The adoption of Christianity did not fundamentally change the mentality of royalty. Various members of the royal family were still expected to become the champions of diverse sects and even heathen groups such as the Huns. Attila, a one-time Christian king of Rome, became the prototype for Genghis Khan who lived eight centuries later and was given the same epithet, "The Scourge of God".
Obviously Christianity was taken no more seriously by the royal family than any other religion that it had previously devised. Christianity was adopted because it became politically expedient to do so, not because it was considered to be a higher or final revelation to mankind.
Rule of the whole world by a single family created an enormous “span of control” problem. It was necessary for groups to be kept to a manageable size. Yet the numerous groups made it necessary for individual members of the family to effectively clone themselves through the creation of aliases. Ironically the royal family maintained its hold over the entire world by keeping it largely divided in terms of local identity (including race and religion). It was not in the royal family’s best interest to enlighten the masses. Each group was encouraged to think of their ways as the best and to have contempt for outsiders. Large-scale conflict between groups was not however spontaneous but driven by royal succession battles.
Leadership over the major population groups and especially those that were warlike was not something the royal family ever would have left to chance. The greater and more potent the group the higher the rank of prince placed over them. And every change in dynasty would require the re-assessment of tribal commands if not immediate recall. Those loyal to the previous king or dynasty would normally have to be replaced by those favored by the new king or dynasty.

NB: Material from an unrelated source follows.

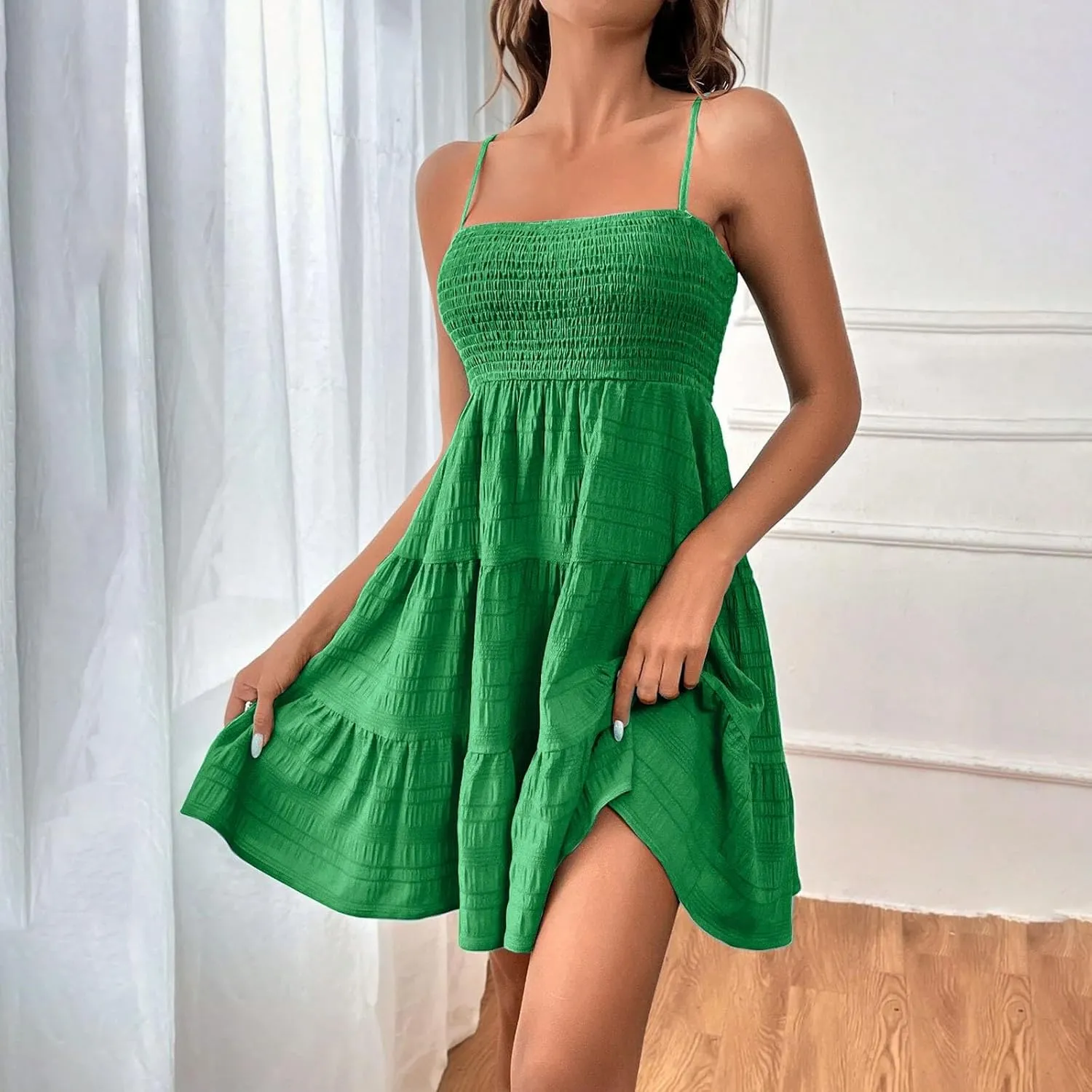 Summer Dresses for Women 2025 Square Neck Spaghetti Strap Dress Casual Sleeveless Smocked A Line Tiered Beach Sundresses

To neglect such an important kingly prerogative could be disastrous. Might did not always make right, but it was never wrong.
A variety of methods were perfected in order to maintain the “matrix” of centralized control while giving the impression of local autonomy.
1) Royal family relationships could be mirrored at the local level by using traditionally local names. Commoners did not expect to see their sovereigns regularly, if at all, therefore rulers did not have to be physically present in every locality. Doubles could be used to give the impression of an occasional public appearance (or be killed off if the circumstances dictated it). Considerable if not constant travel was nonetheless the norm.
2) Junior members of the royal family ruled over important principalities directly. The crown prince controlled the most critical territories and armies in order to ensure an orderly succession.
3) Peripheral kingdoms could be ruled by more distant royal relatives. The royal blood of these secondary ruling houses and associated priesthoods would be sporadically “refreshed” through “changelings”, that is, the adoption of children sired by the central dynasty as heirs to the peripheral kingdom and its religious cults. Peripheral kingdoms often had advisors or councils that were required to swear allegiance to the central dynasty. Peripheral kingdoms would also typically have to accept the appointment of a prime minister of the central dynasty’s choosing. If the local dynasty should fail for any reason the leading minister would take over and hold the region for the greater crown.